Interactive ‘Data Structure’ Anchors the University of Virginia’s School of Data Science

Photo by Eric Gunther © SOSO
In his 1960 book Theory and Design in the First Machine Age, the critic and historian Reyner Banham presciently noted a growing chasm between technological change and the capacity of designers to express it. “It may well be,” he wrote, “that what we have hitherto understood as architecture, and what we are beginning to understand of technology, are incompatible disciplines.” But if the novel technologies to which Banham then pointed operated at the scale of the building, today the chasm looks even wider: what might it mean for design to reflect and represent the vast flows of data that now occur everywhere from smartwatches to vehicles to server farms?
This was the conundrum faced by the experiential design firm SOSO at the University of Virginia’s new School of Data Science building, where the firm was commissioned to create a large-scale permanent installation with the aim of making the school’s often-intangible work visible and accessible. The result is Data Structure, a 45-foot-tall chain of crystalline, illuminated lanterns that hangs in the multistory atrium at the heart of the Hopkins Architects-designed building. The lanterns take the form of skeletal boxes, each face of which consists of a 7-segment display—the instantly recognizable interface of early digital computing that lives on in the faces of alarm clocks everywhere. Below the sculpture, just feet from the building’s main entrance, is a large touchscreen where anyone passing through the space can stop and select datasets—which can be submitted by any student or faculty member at the university—for the sculpture to display. Multicolored streams of digits then begin to rise rhythmically through the atrium, translating data into vivid compositions of light and motion.

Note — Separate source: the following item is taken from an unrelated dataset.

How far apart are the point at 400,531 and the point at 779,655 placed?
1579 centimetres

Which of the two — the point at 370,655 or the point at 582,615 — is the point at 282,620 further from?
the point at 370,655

Photo by Yaxuan Liu © SOSO
The design for the piece came out of a glossary of data science terminology in which the phrase “data structure” appeared, says Yaxuan Liu, creative lead at SOSO. With its physical connotations, the phrase suggested a link between the digital and the physical that the designers sought to build upon. Rather than using data as inspiration for design, they looked for a way of rendering datasets visible without imposing an external framework onto them. Data Structure’s moving columns of digits allowed them to do exactly that. “We wanted to let the data speak for itself, creating an immediacy between data and audience,” says Liu.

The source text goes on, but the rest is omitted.